On the other hand, there's a less popular argument that the focus on speed is a reason why we can't have nice things and, for people working on smaller systems, languages should be focused on other affordances so we have things like

https://www.rebol.com/

One area I've thought about a lot is the design of parsers: for instance there is a drumbeat you hear about Lisp being "homoiconic" but if you had composable parsers and your language exposed its own parser, and if every parser also worked as an unparser, you could do magical metaprogramming with ease similar to LISP. Python almost went there with PEG but stopped short of it being a real revolution because of... speed.

As for the kind of problem he's worried about (algorithms that don't scale) one answer is compilation units and careful caching.

6 comments

> One of the interesting tradeoffs in programming languages is compile speed vs everything else.

In the case of Rust it's more of a cultural choice. Early people involved in the language pragmatically put everything else (correctness, ability to ship, maintainability, etc.) before compilation speed. Eventually the people attracted to contribute to the language weren't the sort that prioritized compilation speed. Many of the early library authors reflected that mindset as well. That compounds and eventually it's very difficult to crawl out from under.

I suspect the same is true for other languages as well. It's not strictly a bad thing.

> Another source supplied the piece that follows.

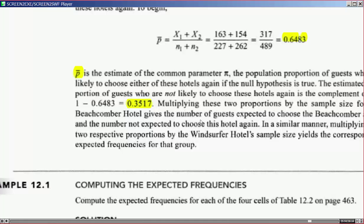In a similar manner, multiplying the two respective proportions by the Windsurfer hotel's sample size yields the corresponding expected frequencies for that group.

It's a tradeoff but my point is that it's less of an inevitability than people think.

I think most people haven't used many languages that prioritize compilation speed (at least for native languages) and maybe don't appreciate how much it can help to have fast feedback loops. At least that's the feeling I get when I watch the debates about whether Go should add a bunch more static analysis or not--people argue like compilation speed doesn't matter at all, while _actually using Go_ has convinced me that a fast feedback loop is enormously valuable (although maybe I just have an attention disorder and everyone else can hold their focus for several minutes without clicking into HN, which is how I got here).
A fast hot code swap of a module is a more important feature in my opinion, but it is somehow even harder to find these days than a fast compilation speed language.

But ideally I want both.

I'd really like to see a careful compiler like Rust have a "fast and loose" mode for the development loop, whereby I swear on my mother's grave that I won't break any rules, and the compiler in turn stops making expensive checks.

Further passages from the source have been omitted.